---------- Data for review ----------

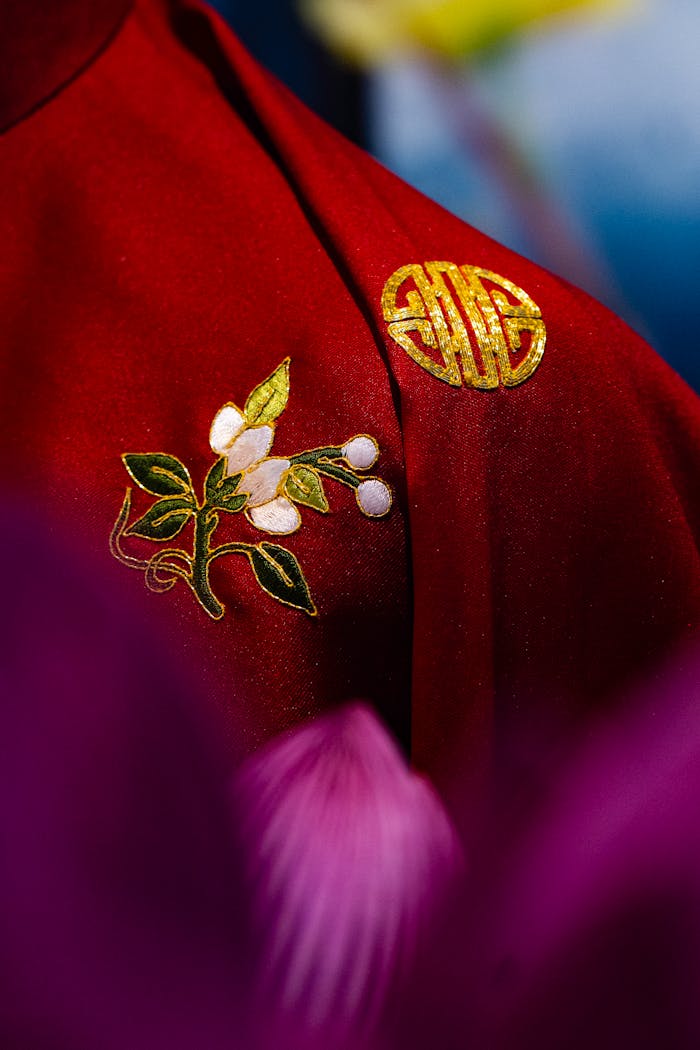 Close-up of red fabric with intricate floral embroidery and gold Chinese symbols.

----------
---------- Data for review ----------

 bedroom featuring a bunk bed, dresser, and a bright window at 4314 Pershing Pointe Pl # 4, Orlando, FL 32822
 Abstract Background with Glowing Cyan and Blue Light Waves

----------
---------- Data for review ----------

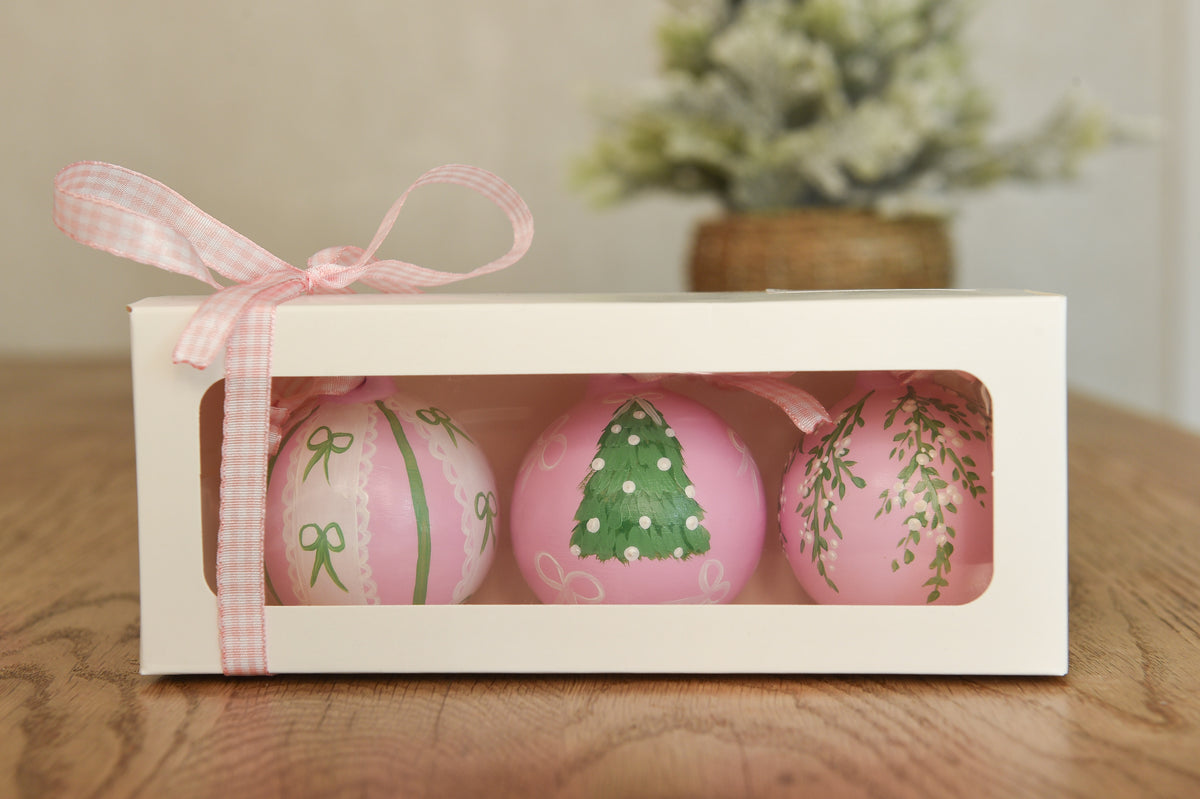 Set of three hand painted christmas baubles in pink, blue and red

----------

In the entries above, the lines from the one bearing "bedroom featuring a" up to and including the one bearing "Abstract Background with" should be transcribed exactly; no other line is wanted.

◆ Your solution:
 bedroom featuring a bunk bed, dresser, and a bright window at 4314 Pershing Pointe Pl # 4, Orlando, FL 32822
 Abstract Background with Glowing Cyan and Blue Light Waves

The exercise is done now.